The duo of librettist W.S. Gilbert and composer Sir Arthur Sullivan was a collaboration that lasted a quarter century, creating a body of work, according to some scholars, second only to William Shakespeare.

Each were successful in their respective fields before Richard D’Oyly Carte, manager of London’s Royalty Theatre, brought them together to create Trial by Jury, which spoofs the legal profession. This collaboration proved to be a hit, and demand for similar works bonded the two.

Gilbert’s original draft of Trial by Jury, a comic piece published in Fun in 1868.

In the late 1800s, Gilbert and Sullivan wrote 14 comic operas, also known as operettas, with The Pirates of Penzance, H.M.S Pinafore and The Mikado being their best known. Music from those works will be featured in Opera Tampa’s Gilbert vs. Sullivan playing The Straz’s Riverwalk Stage Jan. 22-24.

The pair’s “topsy-turvy” operettas were always imaginative, fun and a tad absurd. Where else but in a Gilbert and Sullivan production would gondoliers end up as monarchs and pirates won’t rob ship carrying orphans because they themselves are orphans, so when word gets out, every ship they encounter purposely has orphans aboard. Foiled!

Much of their work’s humor comes from their “patter songs,” a gymnastic run of words and music where consonants and vowels quickly tumble end-over-end in a riotous and rapturous repartee. The most popular example of this is their song “I Am the Very Model of a Modern Major-General,” from The Pirates of Penzance.

The tongue-twisting lyrics: “I’m very good at integral and differential calculus; I know the scientific names of beings animalculous: In short, in matters vegetable, animal, and mineral, I am the very model of a modern Major-General,” sung at break-tongue speed is regarded as one of the most challenging patter songs ever written, according to Genius.com. Hamilton’s creator Lin-Manuel Miranda may have something to say – quickly – about that.

Despite their success, the musical marriage became strained by the repetitiveness of their work and choice of topic. Sullivan was tired of working with Gilbert, because he felt every opera was the same story of a world turned on its head, hence their “topsy-turvy” label and he wanted more realism and emotions in their work. Another rub was Gilbert continuous poking fun at the privileged class, which Sullivan yearned to be a part. Sullivan asked to leave the partnership, but the two found a way to continue by taking brief breaks, two or three months, away from each other.

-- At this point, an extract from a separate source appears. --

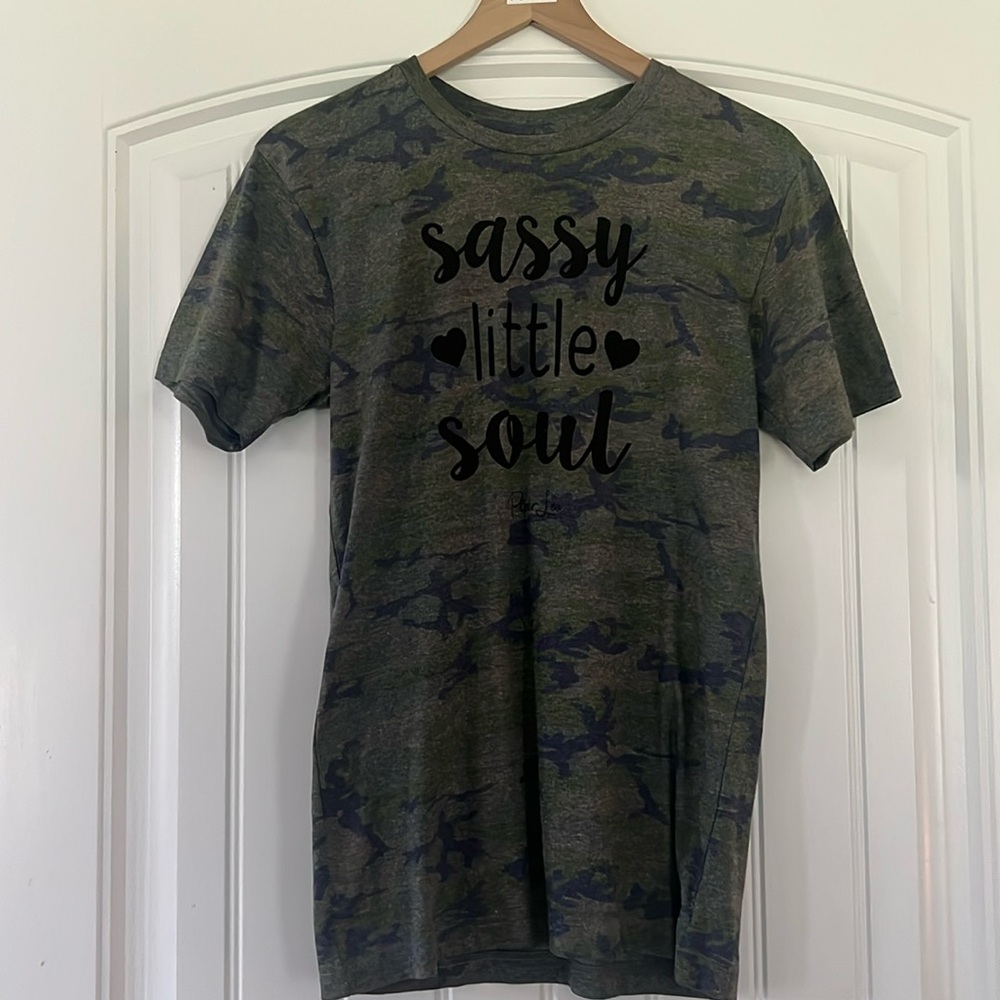 Sassy Little Soul T Shirt Size L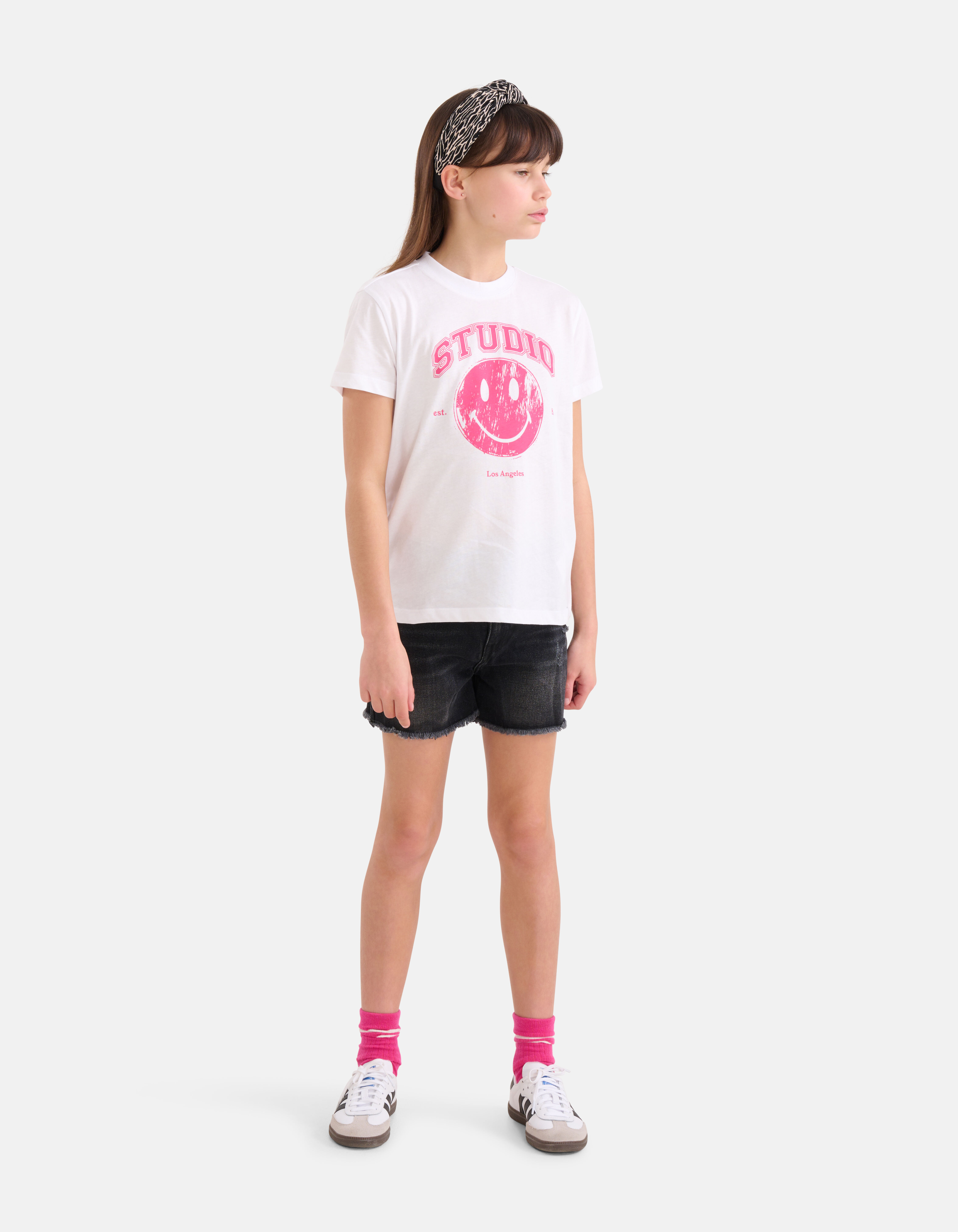 Smiley Artwork T-shirt Wit SHOEBY GIRLS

Cover of an 1895 Chappell & Co. vocal score for Gilbert and Sullivan’s The Mikado, arranged for pianoforte by George Lowell Tracy.

After one of these breaks, in 1885, they wrote one of their most successful operettas The Mikado, which made fun of English bureaucracy that was thinly veiled by setting it in Japan. Originally, Gilbert proposed the story include a “magic” lozenge plot device that would alter the characters’ personality, that Sullivan rejected, reminding them why they sought time apart. Their creative conflict during this period was chronicled in the 1999 British film Topsy-Turvy starring Jim Broadbent and Allan Corduner.

The Mikado was the partnership’s longest running show, having 672 performances at The Savoy Theatre, a stately building constructed in 1881 by Carte to showcase their work, spawning the term “Savoy opera,” which strongly influenced the creation of the modern musical.

In 1890, the nearly fatal bump in the partner’s relationship, dubbed “The Great Carpet Quarrel,” occurred during “peace talks” arranged by Carte. Gilbert, hurt by Sullivan’s indifference, wrote a letter saying: “The time for putting an end to our collaboration has at last arrived … I am writing a letter to Carte giving him notice that he is not to produce or perform any of my libretti after Christmas 1890. In point of fact, after the withdrawal of The Gondoliers, our united work will be heard in public no more.”

The orginal facade of The Savoy Theatre in London.

The reconciliation talks went south when Gilbert challenged Carte over expenses of The Gondoliers, which included the purchase of a new carpet for The Savoy lobby, costing £500 approximately $700, based on current currency exchange. Gilbert accused the theater manager of exploitation and robbery. Sullivan sided with Carte in the dispute prompting the librettist to storm from the meeting calling the two of them “blackguards,” men who behave in dishonorable way. Gilbert sued seeking his share of net profits and his case was heard by England’s high court. Carte eventually paid Gilbert about $1,400 but the machinations of the court case including the carpet clash unraveled the friendship and partnership.

The split lasted about three years before the two were brought back together by The Savoy’s music publicist. They wrote two more operaettas, Utopia, Limited (1893), a moderate success, and The Grand Duke (1896), a complete flop and the final nail in the coffin of their musical union.

Sullivan died in 1900 and Gilbert died in 1911.